Defendant finally argues that since the Department’s theory of liability asserted at trial was based on derivative liability under section 13 V2, the trial court erred in imposing primary liability on its own initiative for the period in which the corporation was not in existence. The trial court, it is claimed, committed reversible error in going beyond the allegations of the complaint to hold defendant personally liable. We note that the Department had undoubtedly known for years about the “defective” incorporation; we thus find it difficult to understand why it never took the simple step of moving to amend the complaint to change its theory of recovery accordingly.

However, this oversight need not be fatal to the Depart*1056ment’s position.
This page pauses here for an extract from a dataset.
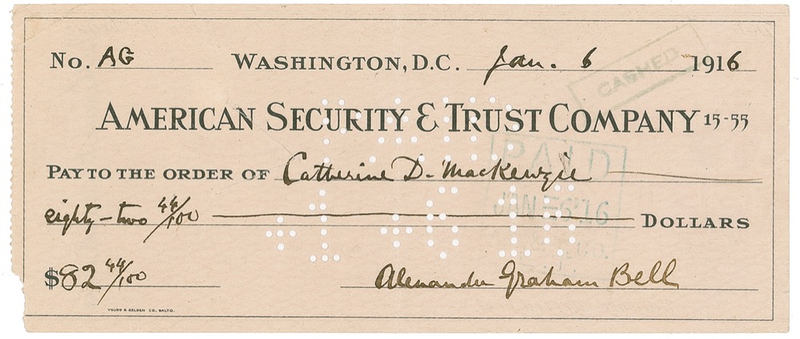 Lot 133 Alexander Graham Bell: Bell pays his future biographer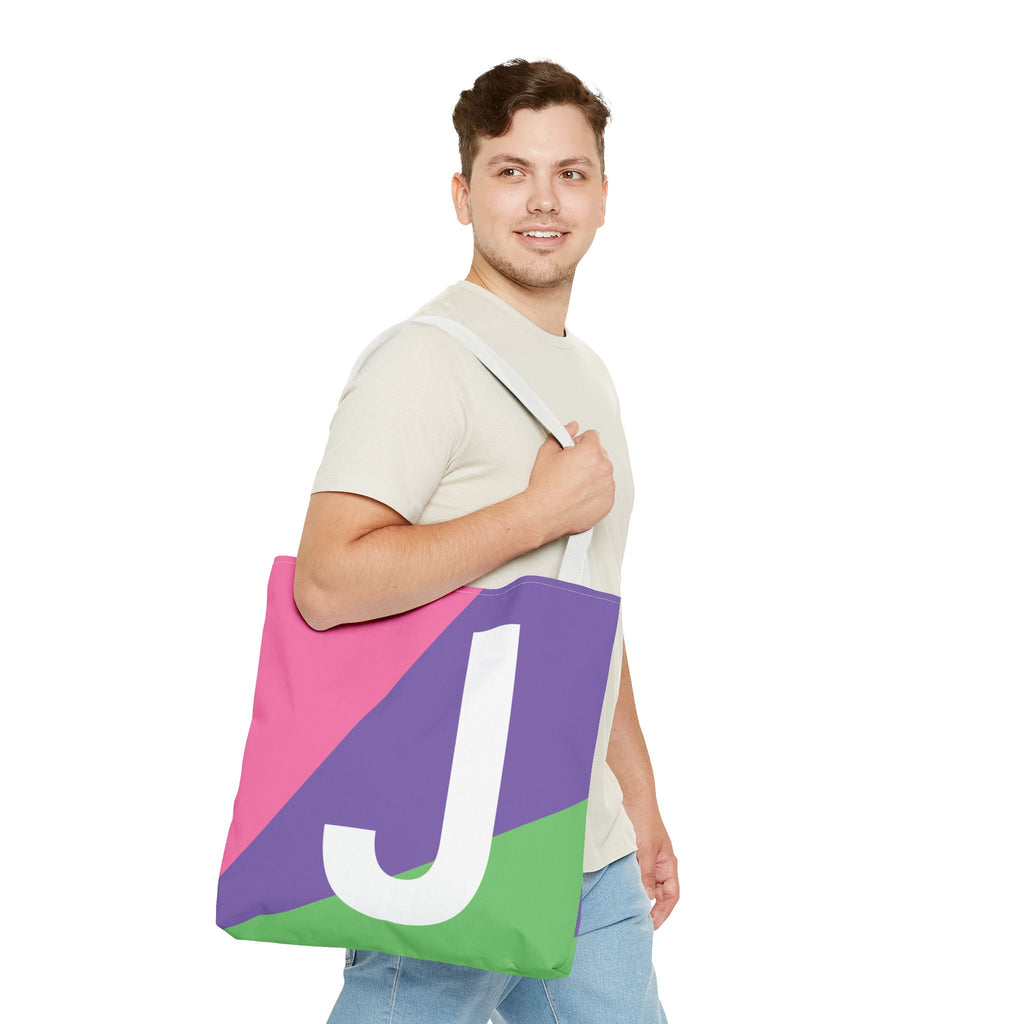 Monogram 'J' Colorblock Tote Bag — Personalized Initial J Shoulder Tote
This court can affirm a judgment even though it is based on incorrect reasoning as long as there are other valid reasons of record to support the judgment. (Bell v. Louisville & Nashville R.R. Co. (1985), 106 III. 2d 135, 478 N.E.2d 384.) In 1968, defendant advised the Department that he was conducting business under the name “Roman S. Dombrowski Enterprises, Inc.,” and his ROT returns were filed under this designation. In such circumstances, defendant should be estopped from denying corporate tax liability. (W. Fletcher, Private Corporations §3986 (1982).) Alternatively, corporate tax liability can be imposed under the doctrine of the de facto corporation. (Gunggoll v. Outer Drive Athletic Club (1932), 349 Ill. 406, 182 N.E. 409; see also United States Fidelity & Guaranty Corp. v. Putzy (N.D. Ill. 1985), 613 F. Supp. 594; Fletcher, §§3761, 3776 through 3777 (1982).) Thus, derivative liability can be properly imposed under section 13V2 for the tax periods before valid incorporation occurred in January 1972.
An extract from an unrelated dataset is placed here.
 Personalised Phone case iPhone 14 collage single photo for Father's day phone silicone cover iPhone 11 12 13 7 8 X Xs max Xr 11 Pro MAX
We recognize that there is some speculation that section 2.15 of the Business Corporation Act of 1983 (Ill. Rev. Stat. 1987, ch. 32, par. 2.15) and similar statutes have done away with the de facto corporation and estoppel concepts. See Fletcher, section 3762.1 (1982), citing section 2.15 of the Illinois Business Corporation Act, which states:

“Upon the issuance of the certificate of incorporation by the Secretary of State, the corporate existence shall begin, and such certificate of incorporation shall be conclusive evidence, except as against the State, that all conditions precedent required to be performed by the incorporators have been complied with and that the corporation has been incorporated under this Act.” (Ill. Rev. Stat. 1987, ch. 32, par. 2.15.)

However, no Illinois decision has adopted Fletcher’s conclusion. See also Putzy, which implicitly assumes that the concept of the de facto corporation is still operable under Illinois law.

For the foregoing reasons, the judgment of the circuit court is affirmed.

Affirmed.

DiVITO, P.J., and BILANDIC, J., concur.